Les inscriptions au concours BCE 2026 confirment l’attractivité des classes préparatoires aux grandes écoles (CPGE) et des grandes écoles de management. Avec 9 506 candidats enregistrés, la progression se poursuit pour la troisième année consécutive. Si SKEMA Business School, emlyon business school et AUDENCIA enregistrent une hausse de leurs inscriptions, les dynamiques restent très inégales entre les grandes écoles. Le vivier des prépas littéraires, en recul, constitue par ailleurs un point de vigilance commun à l’ensemble des écoles du concours.

Qu'est-ce que le Concours BCE ?

La Banque Commune d’Épreuves (BCE) est le principal concours d’accès aux grandes écoles de management en France après une classe préparatoire aux grandes écoles (CPGE). Créée pour mutualiser les épreuves écrites entre plusieurs établissements, elle permet aux candidats de postuler simultanément à plusieurs écoles sur la base d’épreuves communes, simplifiant ainsi le processus de sélection. En 2026, la BCE regroupe 18 écoles membres, parmi lesquelles HEC Paris, ESSEC, ESCP, EDHEC, emlyon ou encore SKEMA, et 3 écoles associées (ENSAE Paris, ENS Paris-Saclay et l’École Spéciale Militaire de Saint-Cyr), toutes membres de la Conférence des Grandes Écoles et habilitées à délivrer le grade de Master. Le concours est ouvert aux étudiants issus des trois voies de CPGE économiques et commerciales : la voie générale (ECG), la voie technologique et la voie littéraire. Les résultats des épreuves écrites communes sont ensuite utilisés par chaque école pour organiser ses propres épreuves orales et établir son classement final.

Quelles écoles séduisent le plus les candidats en 2026 ?

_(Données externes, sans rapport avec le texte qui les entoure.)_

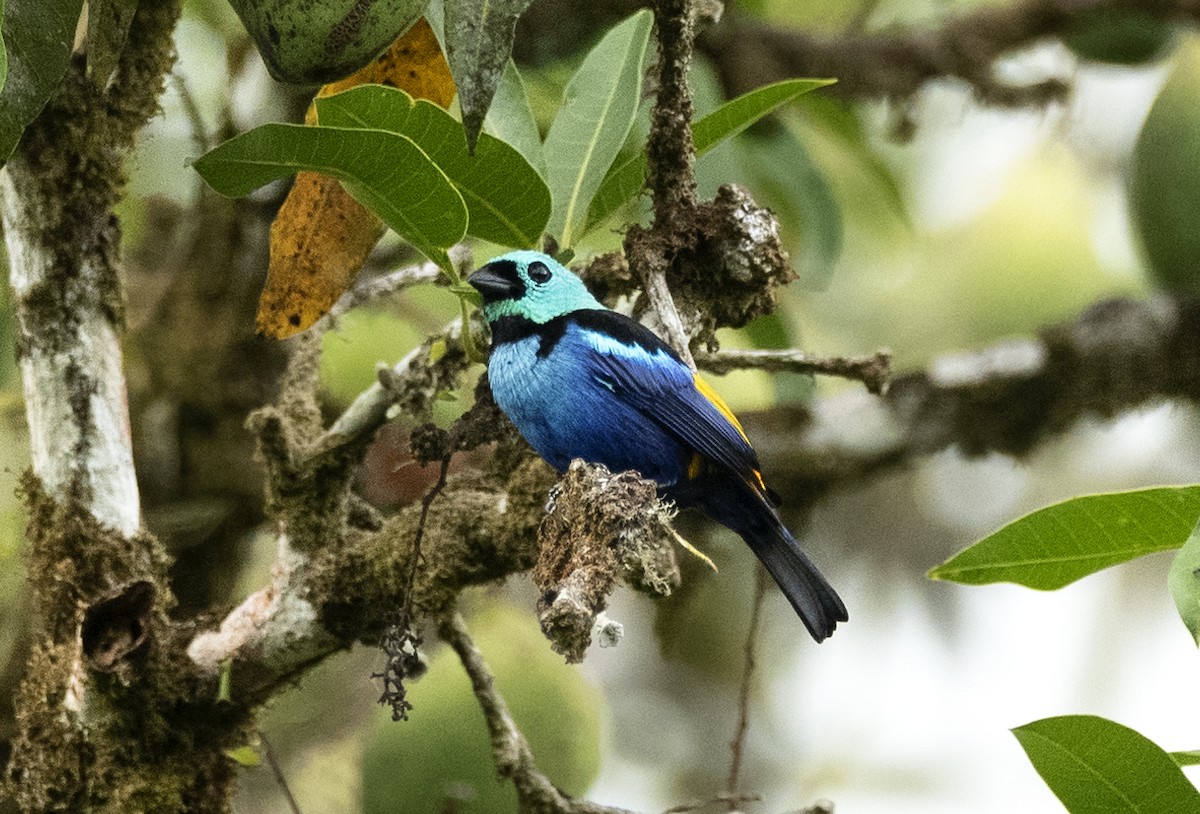 Seven-colored Tanager - ML614116797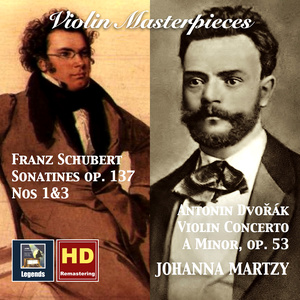 Violin Concerto in A Minor, Op. 53, B. 96 - I. Allegro ma non troppo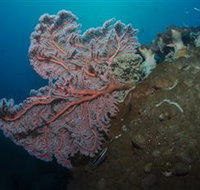 Luncheon Bay Dive Site - Tourism Noosa
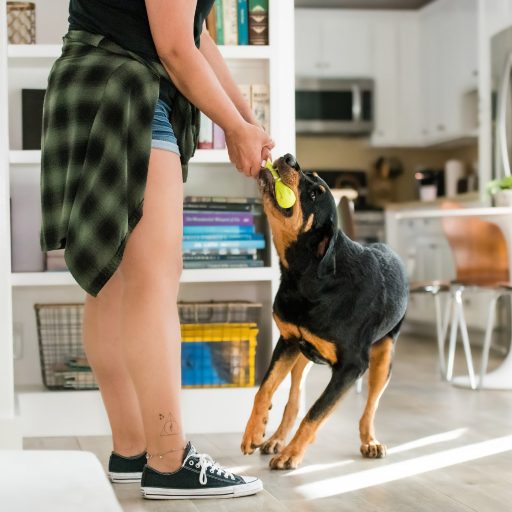 West Paw Hurley csont alakú kutyajáték XS Granny Smith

Les écoles qui progressent

Parmi les établissements qui enregistrent les plus fortes hausses de candidatures en 2026, SKEMA Business School arrive en tête avec 8 301 dossiers (+1,8 %), suivie de près par emlyon business school (8 056, +1,5 %) et AUDENCIA (7 523, +1,5 %). EDHEC Business School consolide également sa position avec 7 738 candidatures (+0,6 %). Pour Patrice Houdayer, directeur des affaires académiques et de l’international, et Sylvie Jean, directrice du Programme Grande École, la performance de SKEMA n’est pas le fruit du hasard :

« Les chiffres 2026 confirment que les étudiants recherchent une école capable de les préparer à un monde complexe et technologiquement transformé. La structuration du PGE autour de parcours personnalisables, l’intégration des enjeux contemporains que sont l’IA, la durabilité et la géopolitique ainsi que la force de notre modèle multi-campus constituent des atouts décisifs. »

Du côté des écoles associées, ENSAE Paris connaît une hausse spectaculaire de +10,6 % (1 044 candidatures), et ENS Paris-Saclay progresse de +4,3 %.

 

Les écoles en retrait

À l’inverse, plusieurs écoles voient leur nombre de candidatures diminuer sensiblement. Excelia Business School enregistre le recul le plus marqué avec -16,4 % (1 978 candidatures contre 2 367 en 2025), devant ICN Business School (-11,7 %) et INSEEC Grande École (-8,1 %). Clermont School of Business recule également de -7,6 %.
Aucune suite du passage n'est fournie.